Toy Story 5 Trailer Puts Playtime Under Threat — Kids and Classic Toys Feel It First

Toy Story 5 Trailer Puts Playtime Under Threat — Kids and Classic Toys Feel It First

The newest look at toy story 5 reframes the franchise as an immediate contest over attention and purpose: the trailer centers on toys scrambling to hold onto playtime while a high-tech tablet—Lilypad—competes for kids' focus. That shift puts toys and the children who play with them in the hot seat first, with Woody rejoining his original group to address a challenge framed as existential rather than merely adventurous.

Toy Story 5: The immediate impact on play and the characters who face it

Here's the part that matters: the trailer positions technology itself as an active opponent. Toys are shown reacting to new devices that make their jobs harder, and the stakes are framed around whether children will still choose physical toys. The trailer explicitly shows Woody reuniting with Buzz, Jessie and others to confront a frog-shaped smart tablet called Lilypad that interferes with traditional play.

Who is affected first is clear in the footage—Woody and the familiar toy ensemble, plus the children in their lives, including an independent 8-year-old girl named Blaze and Bonnie, whose relationship with Woody was left unresolved after the prior film. The trailer uses a nostalgic song to underscore the emotional weight of that shift, signaling a tug between comfort and replacement.

Trailer details, cast returns, new voices and release

The trailer runs roughly two and a half minutes and intersperses comedic lines with moments meant to raise the question of obsolescence.

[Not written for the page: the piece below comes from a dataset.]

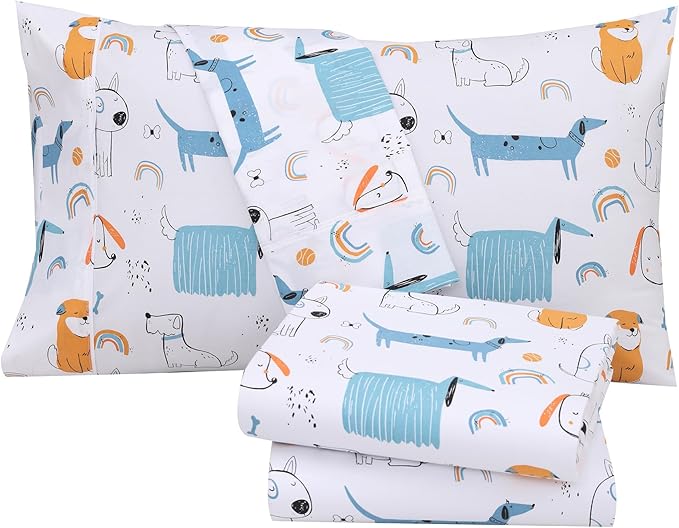 RUVANTI 100% Cotton Sheets – Twin XL Size Percale Bedding, Cooling & Breathable Floral Design, Durable with a Crisp, Soft & Comfortable Feel, 16" Deep Pocket, 3-Piece Set, Puppy Me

Lilypad, voiced by Greta Lee, is presented as a frog-shaped smart tablet antagonist whose very design encourages children toward screens. The trailer includes a moment where Forky teases Woody about looking old because he is balding—a detail that plays into the film's theme of aging and relevance.

Core cast members seen in the trailer include Woody, Buzz Lightyear, Jessie, Forky, Slinky Dog, Hamm and Trixie, with principal voice actors returning for those roles. Newly announced voice additions listed for the film include Craig Robinson as Atlas, Shelby Rabara as Snappy, Mykal-Michelle Harris as Blaze, and Matty Matheson as Dr. Nutcase. Several familiar franchise voices are also named as returning in supporting parts.

Directorial credits shown for the project name Andrew Stanton as director with Kenna Harris as co-director, and Randy Newman returns to score his fifth entry in the series. The film is set to arrive in theaters on June 19.

  • Trailer length: approximately 2½ minutes.
  • Antagonist: Lilypad, a frog-shaped smart tablet (voiced by Greta Lee).
  • New voices highlighted: Craig Robinson (Atlas), Shelby Rabara (Snappy), Mykal-Michelle Harris (Blaze), Matty Matheson (Dr. Nutcase).
  • Creative leads: Andrew Stanton (director), Kenna Harris (co-director); Randy Newman returns to score.
  • Release: June 19 (theatrical).

It’s easy to overlook, but the trailer leans into an emotional register—using reunion beats and small, humanizing details like Woody's balding—to make the conflict feel personal rather than purely technological. The real test will be whether the film treats digital devices as an external villain or examines the deeper reasons children shift toward screens.

Short timeline: Toy Story 4 ended with Woody leaving Bonnie to live off the grid with Bo Peep; the new trailer shows Woody reuniting with his original toy family to face Lilypad; the movie opens in theaters on June 19.

Mixed takeaways for readers: toys and the children who play with them are at the narrative center; the trailer signals both a reunion of franchise favorites and a thematic pivot toward questions of obsolescence; watch for how the film balances nostalgia with commentary on technology's role in childhood.

The real question now is whether the film will resolve that tug between screens and traditional play in a way that feels earned or sentimental—but the trailer makes clear who the immediate emotional victims of that shift are: the toys and the kids they love.